WORK TASK: Only the lines of the listing below that run from the line with "Cybex® Cloud T" through the line with "James Franklin Saquon Barkley" are to be set down, word for word. Pictures stay out.

··· EXTRACTED MATERIAL

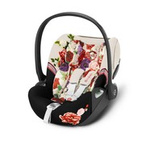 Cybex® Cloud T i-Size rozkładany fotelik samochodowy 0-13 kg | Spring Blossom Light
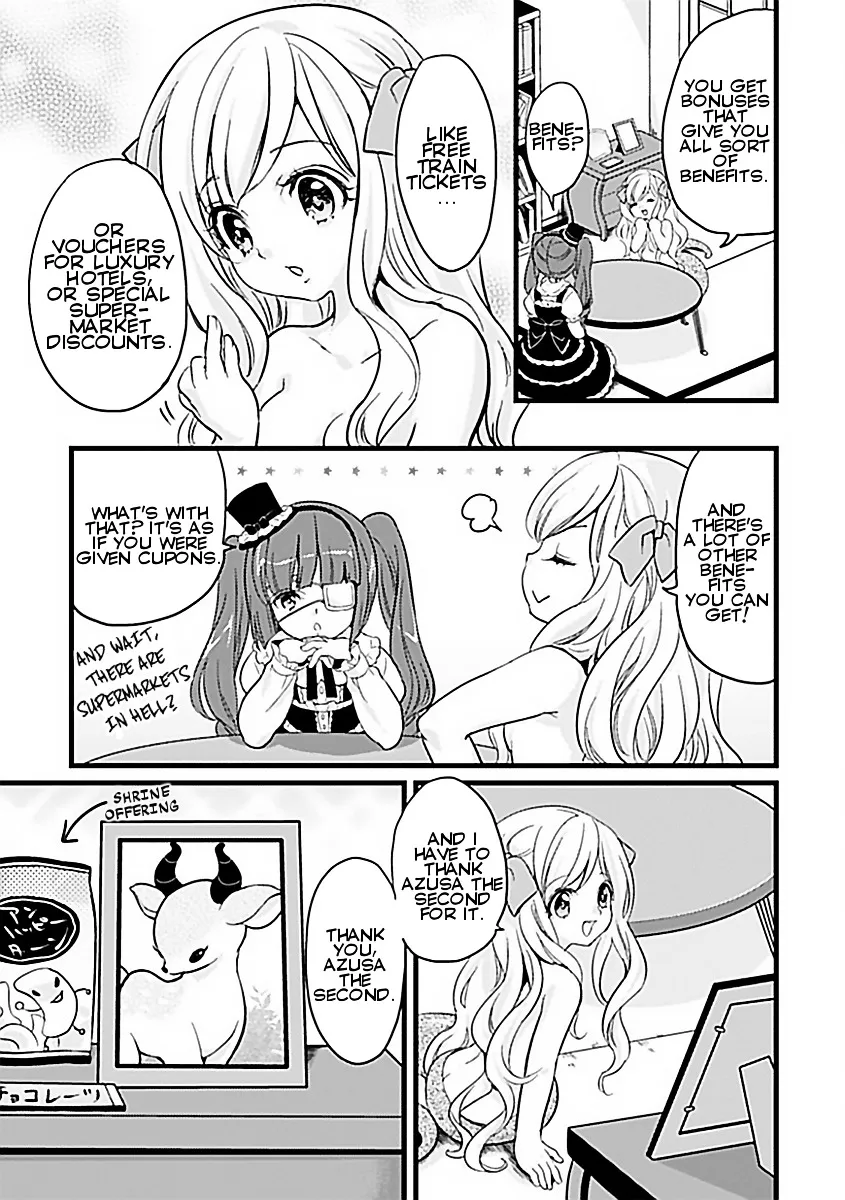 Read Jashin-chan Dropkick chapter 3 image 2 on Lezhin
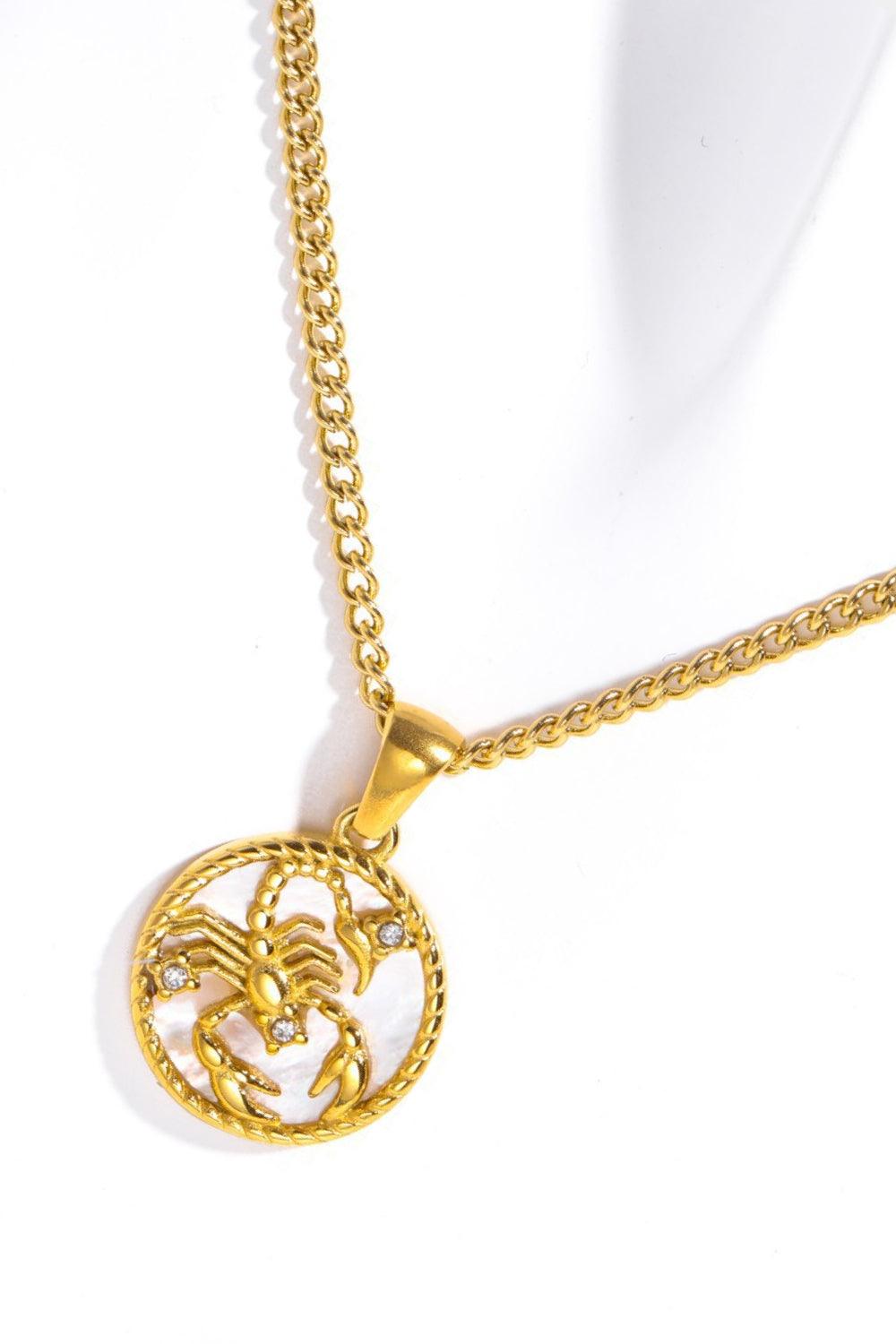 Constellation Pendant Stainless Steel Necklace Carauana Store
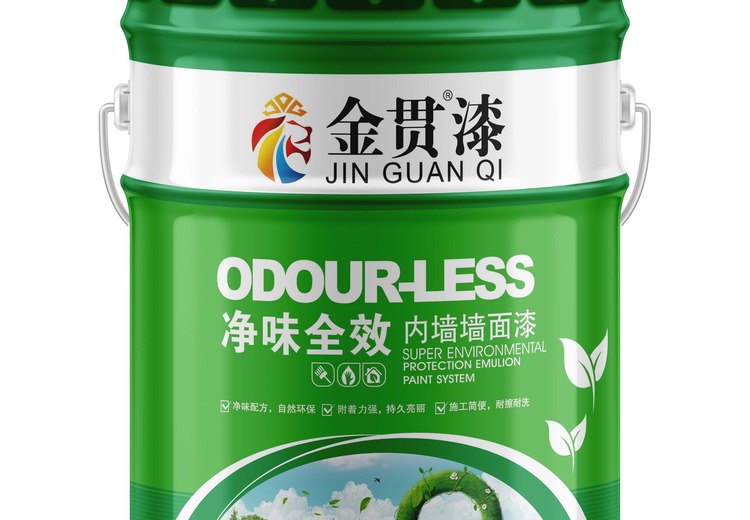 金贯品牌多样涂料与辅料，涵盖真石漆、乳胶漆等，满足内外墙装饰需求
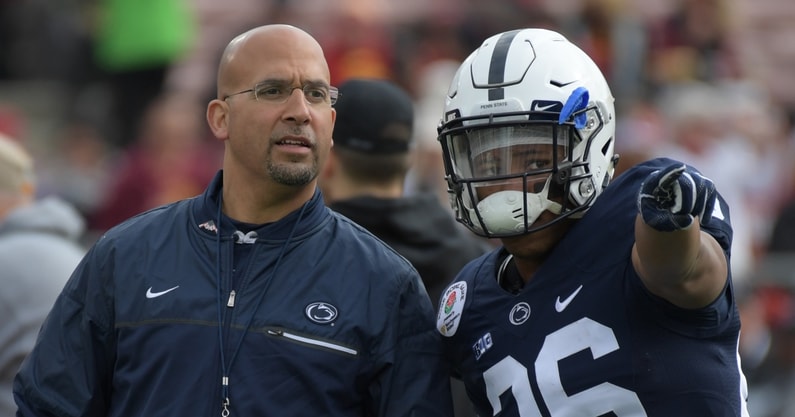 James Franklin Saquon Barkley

······
··· EXTRACTED MATERIAL

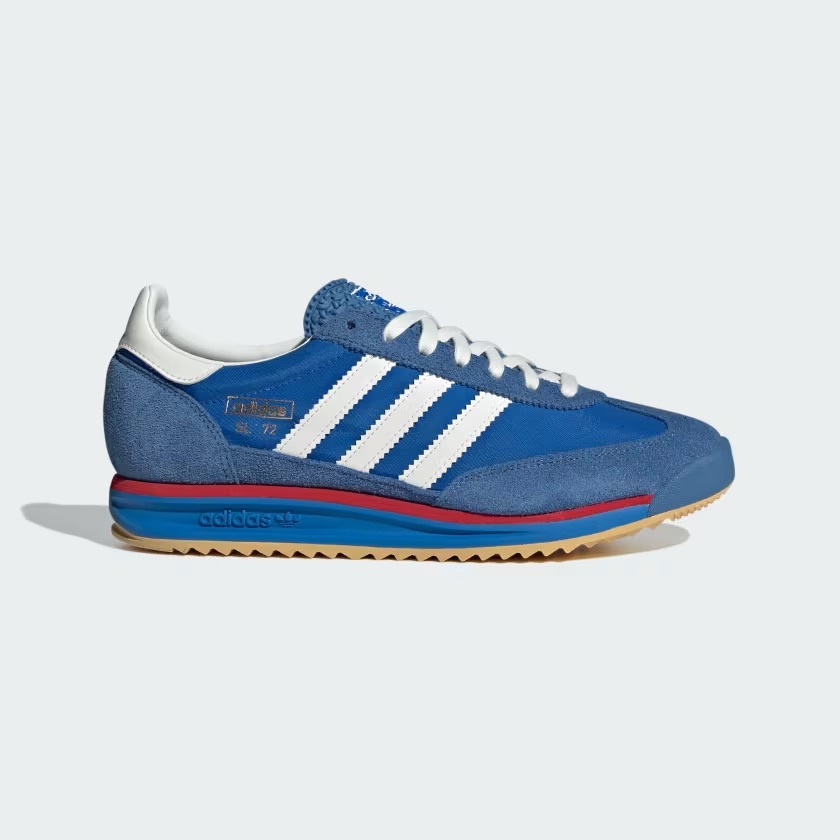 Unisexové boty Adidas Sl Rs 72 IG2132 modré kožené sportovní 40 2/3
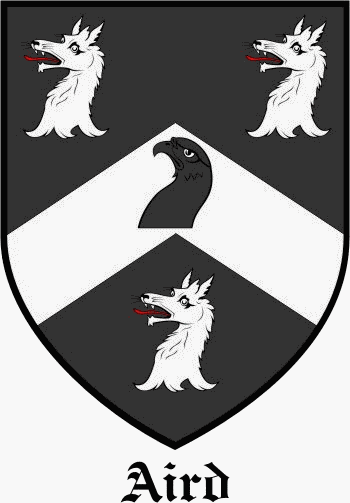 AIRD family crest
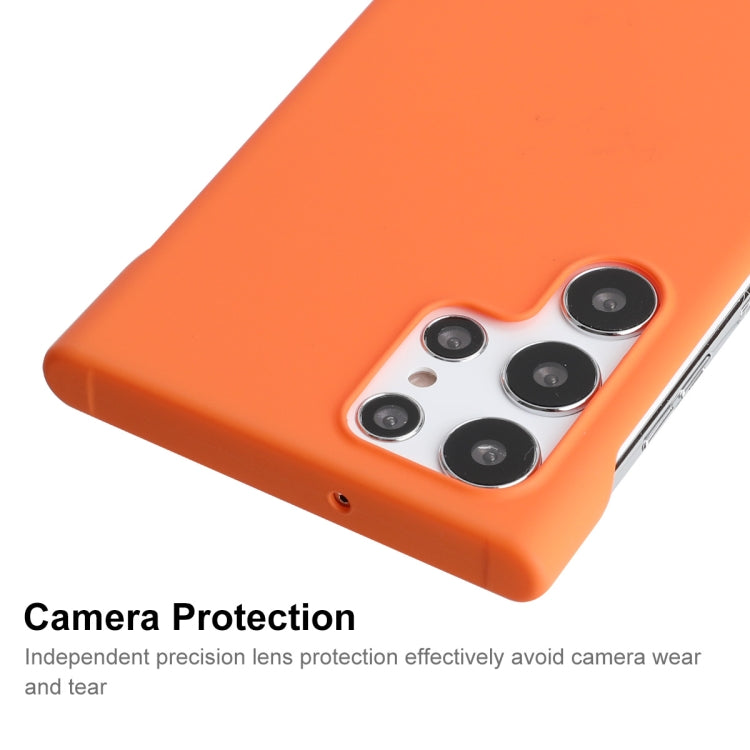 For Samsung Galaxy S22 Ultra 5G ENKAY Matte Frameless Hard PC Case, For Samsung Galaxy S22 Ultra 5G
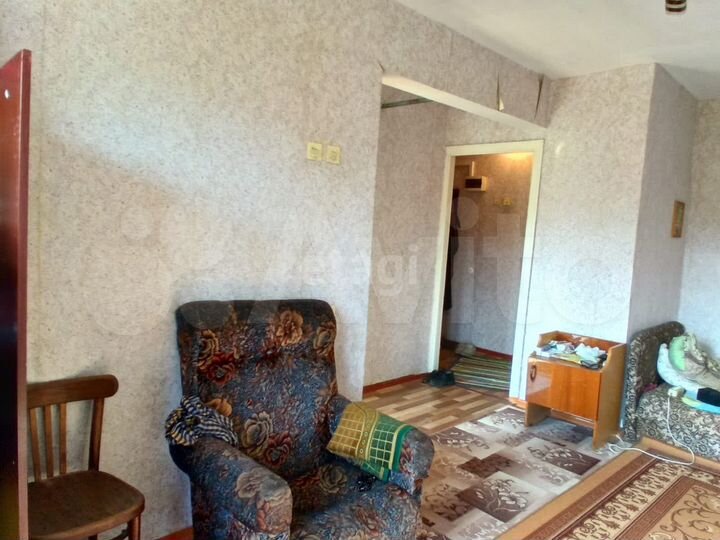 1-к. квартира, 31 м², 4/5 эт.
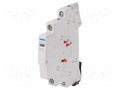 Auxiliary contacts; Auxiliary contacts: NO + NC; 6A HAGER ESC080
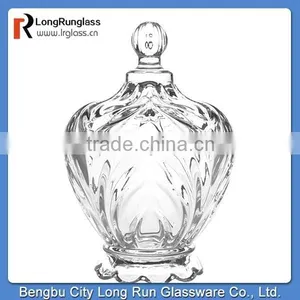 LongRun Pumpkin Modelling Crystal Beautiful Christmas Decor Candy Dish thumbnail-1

······
··· EXTRACTED MATERIAL

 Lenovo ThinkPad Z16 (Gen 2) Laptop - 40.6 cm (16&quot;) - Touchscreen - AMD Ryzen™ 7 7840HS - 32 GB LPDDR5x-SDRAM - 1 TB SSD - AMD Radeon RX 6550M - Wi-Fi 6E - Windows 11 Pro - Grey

······

RESULT OF THIS TASK:
 Cybex® Cloud T i-Size rozkładany fotelik samochodowy 0-13 kg | Spring Blossom Light
 Read Jashin-chan Dropkick chapter 3 image 2 on Lezhin
 Constellation Pendant Stainless Steel Necklace Carauana Store
 金贯品牌多样涂料与辅料，涵盖真石漆、乳胶漆等，满足内外墙装饰需求
 James Franklin Saquon Barkley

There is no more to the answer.